◆ Exercise description ◆
Among the entries below, extract exactly the lines that run from the one with "This gives us" through the one with "As we could", both ends included.

◆ Entries supplied ◆
┏━━
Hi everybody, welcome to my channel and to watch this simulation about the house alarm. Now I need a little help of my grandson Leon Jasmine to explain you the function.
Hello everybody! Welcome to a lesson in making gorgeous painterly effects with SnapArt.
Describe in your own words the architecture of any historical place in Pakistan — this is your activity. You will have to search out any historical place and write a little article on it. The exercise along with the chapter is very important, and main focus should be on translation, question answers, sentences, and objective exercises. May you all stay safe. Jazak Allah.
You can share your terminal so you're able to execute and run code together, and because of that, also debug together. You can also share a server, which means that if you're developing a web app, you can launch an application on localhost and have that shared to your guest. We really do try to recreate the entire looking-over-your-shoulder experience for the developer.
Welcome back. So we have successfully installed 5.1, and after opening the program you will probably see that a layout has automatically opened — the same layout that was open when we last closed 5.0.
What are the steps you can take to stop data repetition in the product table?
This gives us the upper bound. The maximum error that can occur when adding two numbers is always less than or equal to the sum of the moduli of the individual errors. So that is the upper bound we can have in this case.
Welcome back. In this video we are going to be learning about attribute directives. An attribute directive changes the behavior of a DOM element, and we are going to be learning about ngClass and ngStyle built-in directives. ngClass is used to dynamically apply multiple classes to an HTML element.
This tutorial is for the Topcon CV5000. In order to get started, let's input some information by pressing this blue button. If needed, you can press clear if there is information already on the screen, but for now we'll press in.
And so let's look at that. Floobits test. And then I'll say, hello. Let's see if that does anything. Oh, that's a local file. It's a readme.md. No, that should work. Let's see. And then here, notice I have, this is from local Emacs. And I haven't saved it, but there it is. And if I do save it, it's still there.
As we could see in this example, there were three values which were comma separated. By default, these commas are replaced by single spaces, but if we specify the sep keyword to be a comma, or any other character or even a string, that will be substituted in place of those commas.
┗━━
┏━━
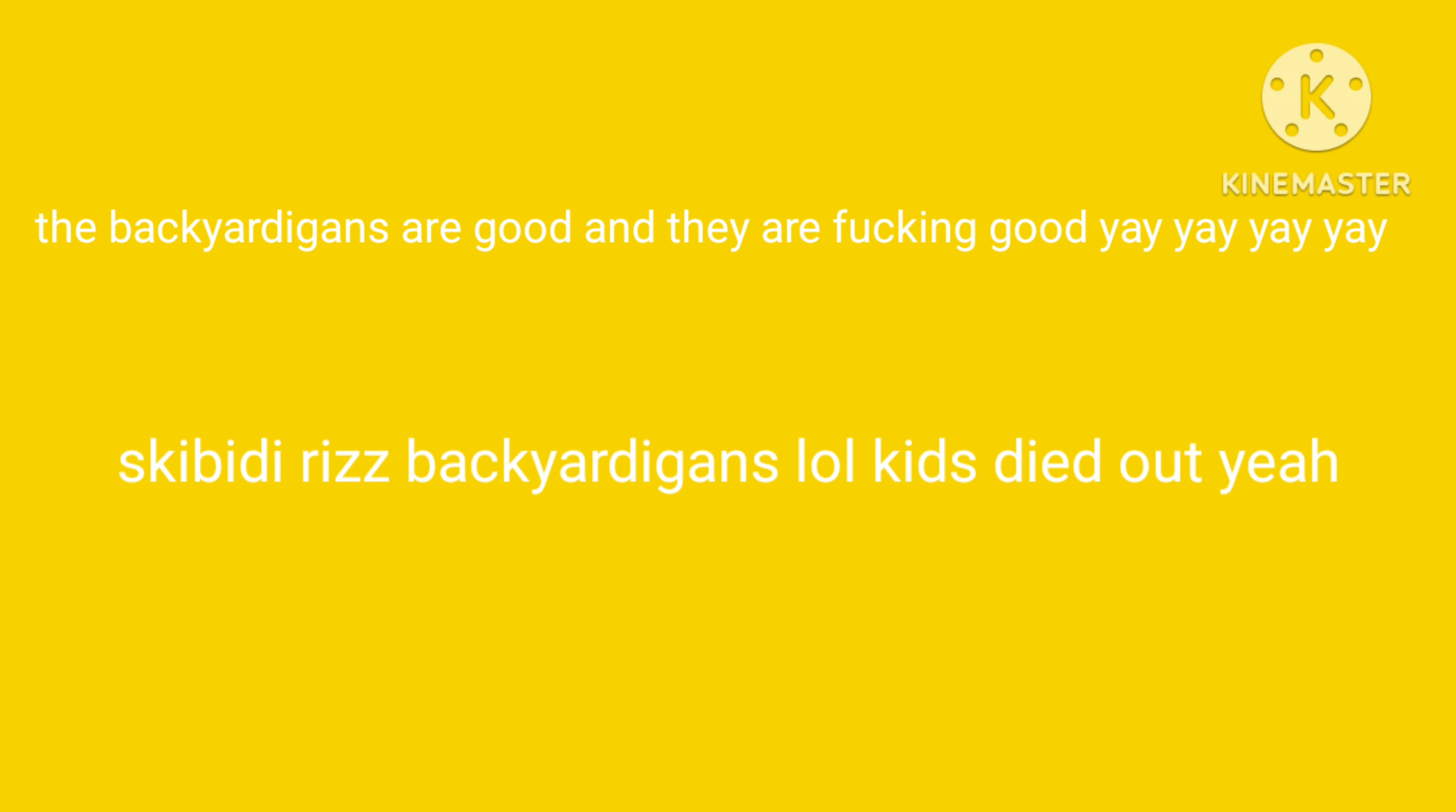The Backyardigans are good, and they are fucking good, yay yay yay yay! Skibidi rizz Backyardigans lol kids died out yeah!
┗━━
┏━━
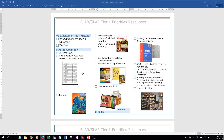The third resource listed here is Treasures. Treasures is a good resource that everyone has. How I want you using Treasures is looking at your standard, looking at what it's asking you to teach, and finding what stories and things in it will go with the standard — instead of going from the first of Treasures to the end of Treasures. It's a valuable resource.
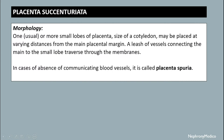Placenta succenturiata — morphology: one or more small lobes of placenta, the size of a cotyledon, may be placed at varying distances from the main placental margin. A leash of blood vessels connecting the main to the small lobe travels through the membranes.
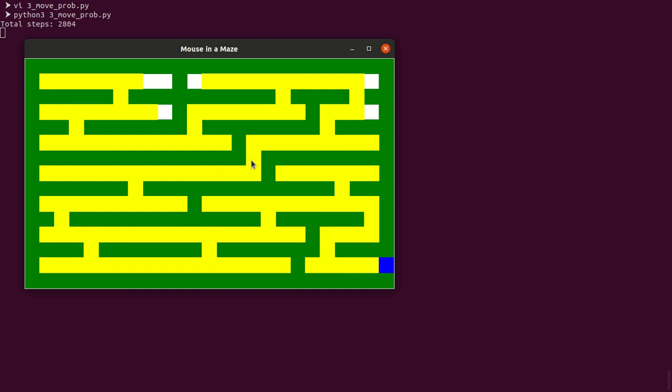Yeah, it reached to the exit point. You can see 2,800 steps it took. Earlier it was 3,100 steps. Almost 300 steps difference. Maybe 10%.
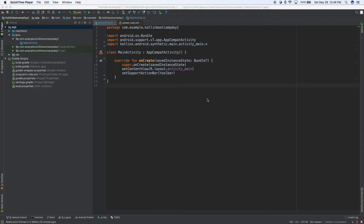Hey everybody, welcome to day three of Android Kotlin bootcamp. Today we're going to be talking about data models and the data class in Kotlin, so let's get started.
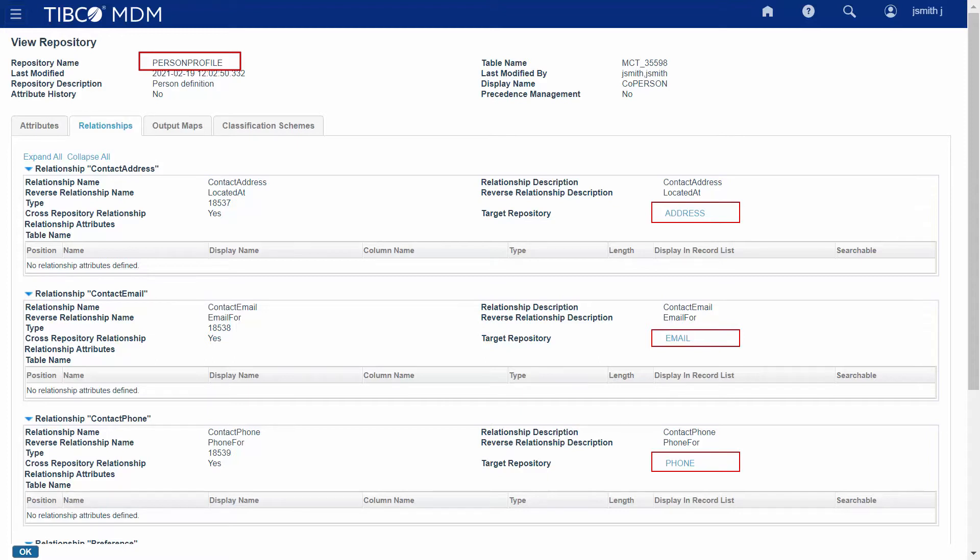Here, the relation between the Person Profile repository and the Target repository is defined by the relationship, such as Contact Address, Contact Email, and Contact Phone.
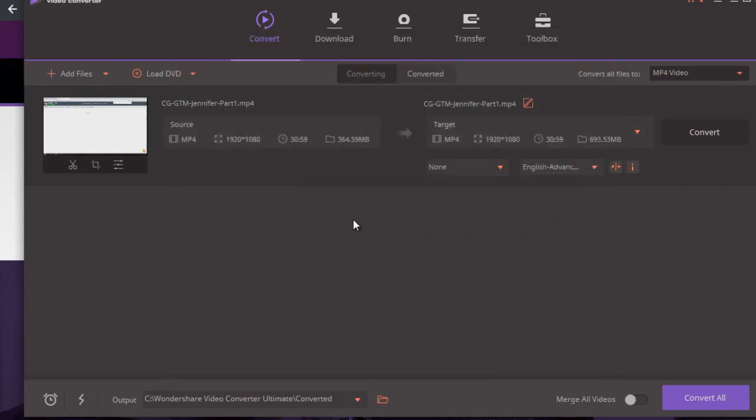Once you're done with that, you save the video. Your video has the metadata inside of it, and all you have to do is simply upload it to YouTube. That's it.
┗━━
◆ Output ◆
This gives us the upper bound. The maximum error that can occur when adding two numbers is always less than or equal to the sum of the moduli of the individual errors. So that is the upper bound we can have in this case.
Welcome back. In this video we are going to be learning about attribute directives. An attribute directive changes the behavior of a DOM element, and we are going to be learning about ngClass and ngStyle built-in directives. ngClass is used to dynamically apply multiple classes to an HTML element.
This tutorial is for the Topcon CV5000. In order to get started, let's input some information by pressing this blue button. If needed, you can press clear if there is information already on the screen, but for now we'll press in.
And so let's look at that. Floobits test. And then I'll say, hello. Let's see if that does anything. Oh, that's a local file. It's a readme.md. No, that should work. Let's see. And then here, notice I have, this is from local Emacs. And I haven't saved it, but there it is. And if I do save it, it's still there.
As we could see in this example, there were three values which were comma separated. By default, these commas are replaced by single spaces, but if we specify the sep keyword to be a comma, or any other character or even a string, that will be substituted in place of those commas.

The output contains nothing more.